# norman b-20 cutaway



## longhair13 (Mar 13, 2009)

i have this guy thats selling a norman b-20 cutaway for 250 ( triying to get him down to 200 ) anyway is this a good deal or do you think something is wrong with it also what do these guitars go for


----------



## Ship of fools (Nov 17, 2007)

*Well depends*

Does it have the on board electronics, one in excellent condition would sell for about that with out the Fishman system ( $250-325 ) as for something wrong with it, well I am not there to take a look so if you are allowed to try it out then the better for you.Good hunting.Ship..........oh and if it comes with a case than its a great deal.


----------



## longhair13 (Mar 13, 2009)

*thanks*

i,m going to go look at it today and it does come with a case and the electronics are all there i,ll let ya know :smilie_flagge17:


----------



## Cadence (Nov 20, 2007)

About 8 years ago I paid around $700-$800 for a brand new one with the Fishman electronics.

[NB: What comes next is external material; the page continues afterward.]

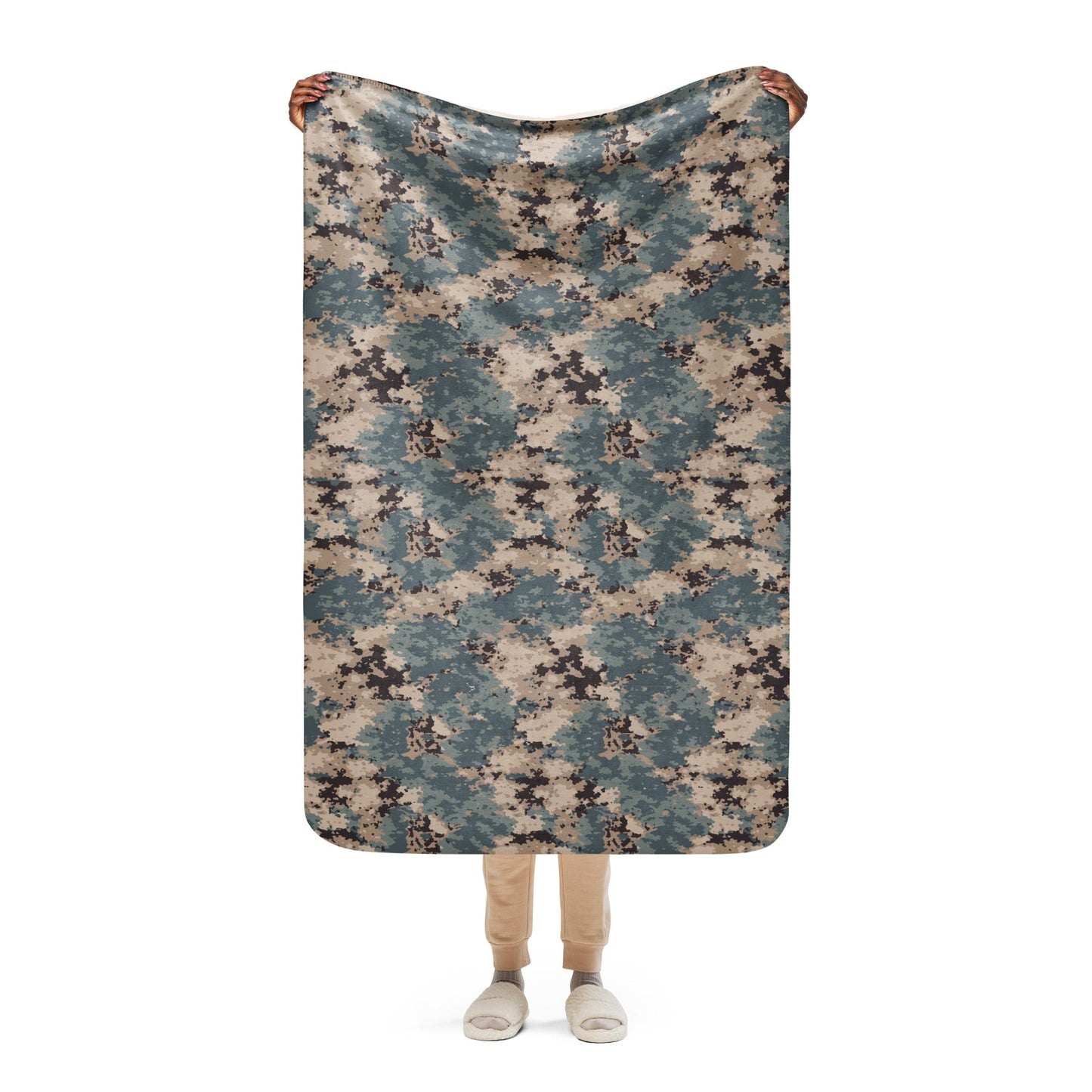 Azerbaijan M2024 CAMO Sherpa Blanket - 37″×57″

I think used they're usually $300-$400

Sounds like a deal if it's in good condition.

Cadence


----------



## longhair13 (Mar 13, 2009)

*got it*

well went and seen it and bought it was in great shape all the electonics work and got a case with it the ccase is kind of beating up thats ok :smile:


----------



## Ship of fools (Nov 17, 2007)

*concrats*

Longhair13, good for you man I am glad it worked out for you and remember that a case is only for a quick storage, you can always look around later for a better one.Ship


----------